Rouvoet wil eind aan zorgtekort 18-23 jarigen
Minister André Rouvoet gaat met betrokken partijen de knelpunten in de zorg voor jongvolwassenen aanpakken. Dat schrijft hij vandaag in een brief aan de Tweede Kamer.
De aansluiting tussen jeugd- en volwassenenzorg is gebrekkig. 18-23 jarigen vallen hierdoor te vaak buiten het hulpverleningsaanbod.
In opdracht van Rouvoet heeft het Verwey-Jonker Instituut de problemen rond de hulpverlening aan jongvolwassenen onderzocht. Lang niet altijd is duidelijk wie verantwoordelijk is voor de hulpverlening aan 18-23 jarigen. Ook schiet de samenwerking tussen instanties voor jeugd- en volwassenenzorg tekort. En te weinig specifieke expertise over deze groep jongeren leidt tot te weinig passend hulpverleningsaanbod. Een ander knelpunt is het feit dat zorg aan 18-plussers in principe alleen op vrijwillige basis kan plaatsvinden. Veel jongeren die dan nog hulp nodig hebben, haken af. Of ze komen in aanmerking voor volwassenenzorg, die echter onvoldoende op hen is toegespitst.

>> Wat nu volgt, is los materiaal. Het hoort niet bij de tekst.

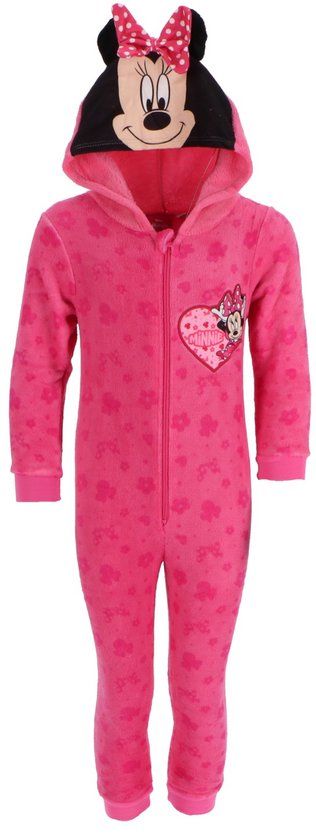 4KidsOnly Mister License Minnie Mouse Onesie - Maat 134/140 - Roze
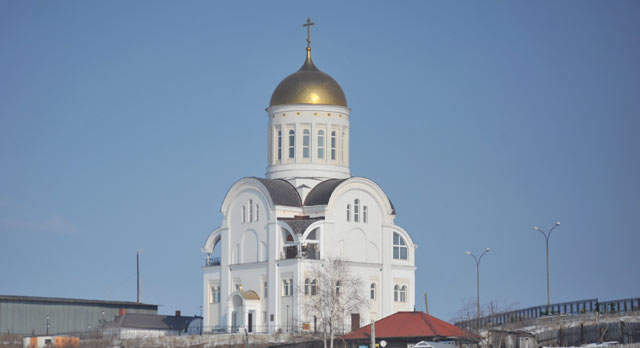 И так храм выглядит сегодня. Фото// архив revda-info.ru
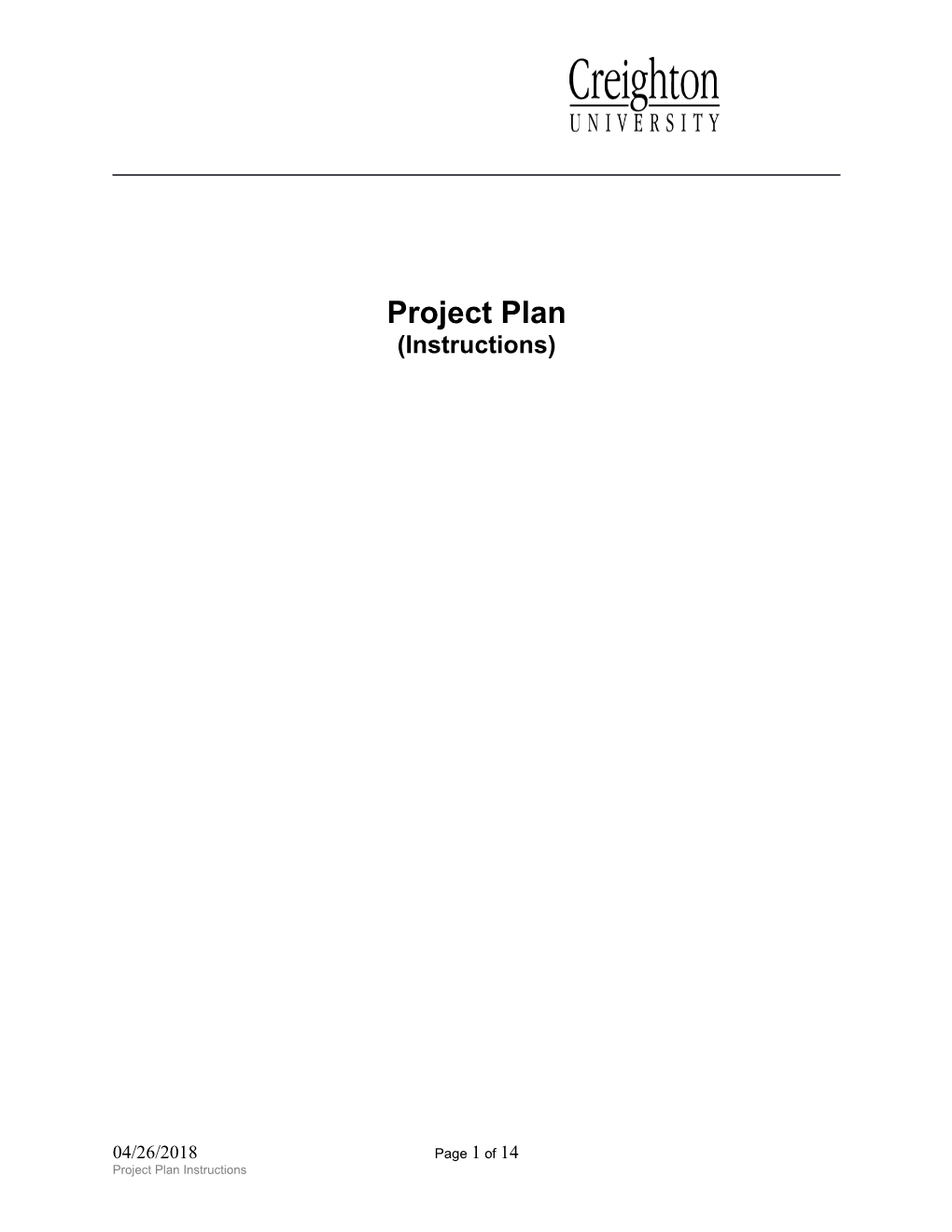 Project Plan Template s1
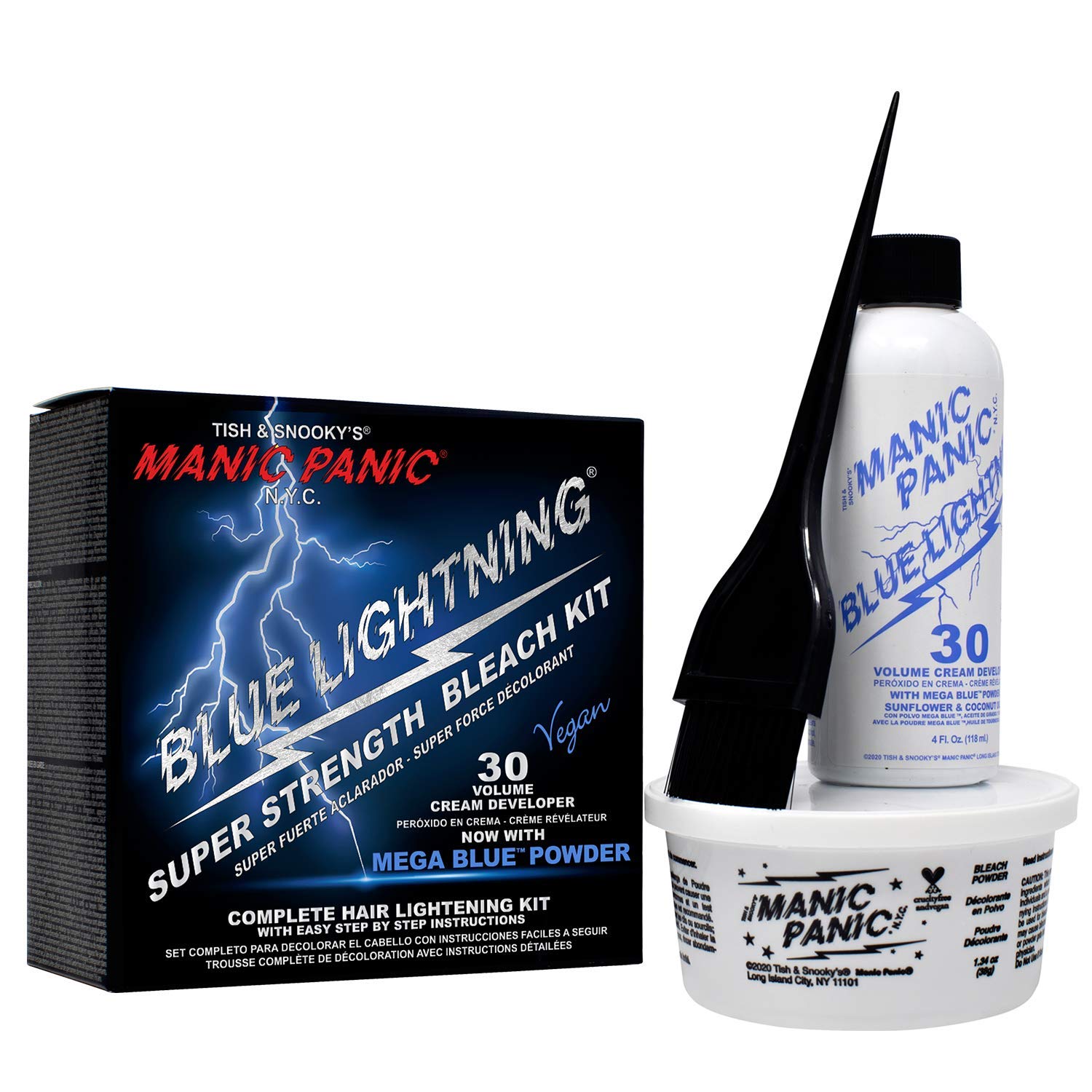Bộ tẩy tóc Manic Panic Flash Lightning Bleach Kit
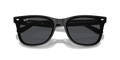 Ray-Ban RB4420 601/87 sunglasses with glossy black frame and grey lenses, top view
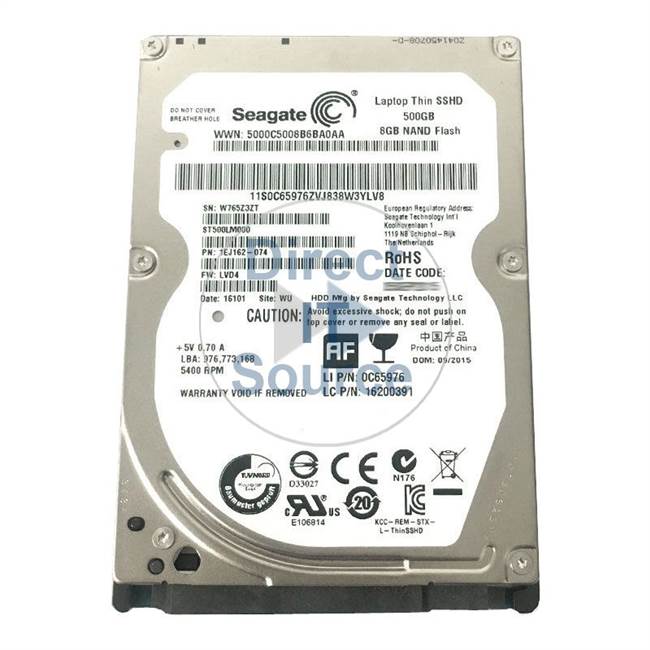 16200391 Seagate - 500GB 5.4K SATA 2.5" 64MB Cache Hard Drive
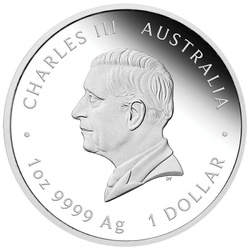 Silbermünze Perth Mint: Lunar III - Jahr der Ziege 1 Unze Silber 2027 Proof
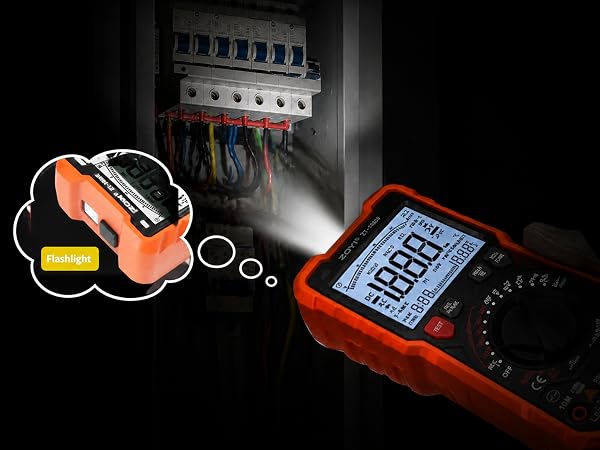 2 in 1 Megohmmeter Multimeter Ohm Meter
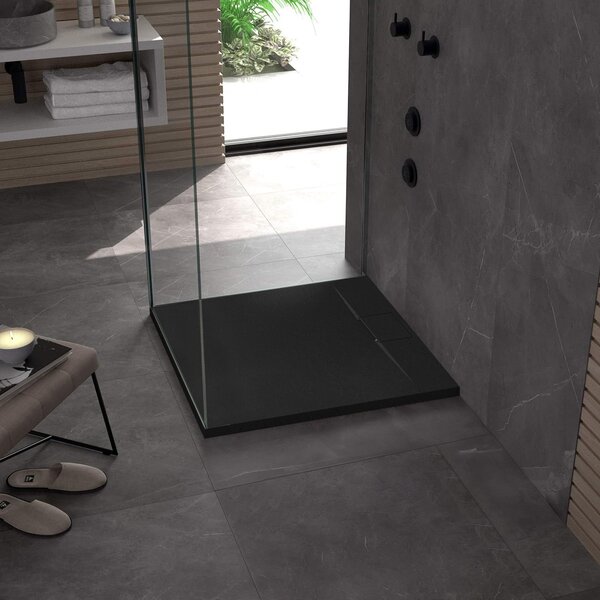 Shower tray Bazalt Black 90x90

Rouvoet gaat bij de bestuurlijk verantwoordelijken voor jeugd- en volwassenenzorg (zoals VNG, IPO en Zorgverzekeraars Nederland) aandringen op een gezamenlijke aanpak van de knelpunten. Hij wijst erop dat gemeenten verantwoordelijk zijn om zorginstanties bij elkaar te brengen om sluitende afspraken te maken over het zorgaanbod. Verder gaat Rouvoet stimuleren dat er voor de specifieke zorgvraag van jongvolwassenen een toegesneden hulpverleningsaanbod komt. Zo is er behoefte aan professionele begeleiding op de weg naar zelfstandigheid. Te denken valt dan aan hulp bij het vinden van werk en huisvesting.
Internationale verdragen stellen zeer strenge eisen aan een wettelijke verplichting aan personen boven de 18 jaar om hulp te aanvaarden. Rouvoet ziet hierin dan ook geen oplossing. Hij wil inzetten om jongeren hiertoe te motiveren. Zo gaat hij onder meer bezien of jongeren via ‘dranggesprekken’ te bewegen zijn om vrijwillig hulpverlening te aanvaarden. In Rotterdam worden momenteel de mogelijkheden hiertoe verkend.
De aanbeveling van de onderzoekers om jeugdzorg ook na het 18e levensjaar te kunnen laten aanvangen, neemt Rouvoet mee in het kabinetsstandpunt over de toekomst van de zorg voor jeugd. Dit kabinetsstandpunt stuurt hij – na evaluatie van het huidige stelsel – begin 2010 naar de Tweede Kamer.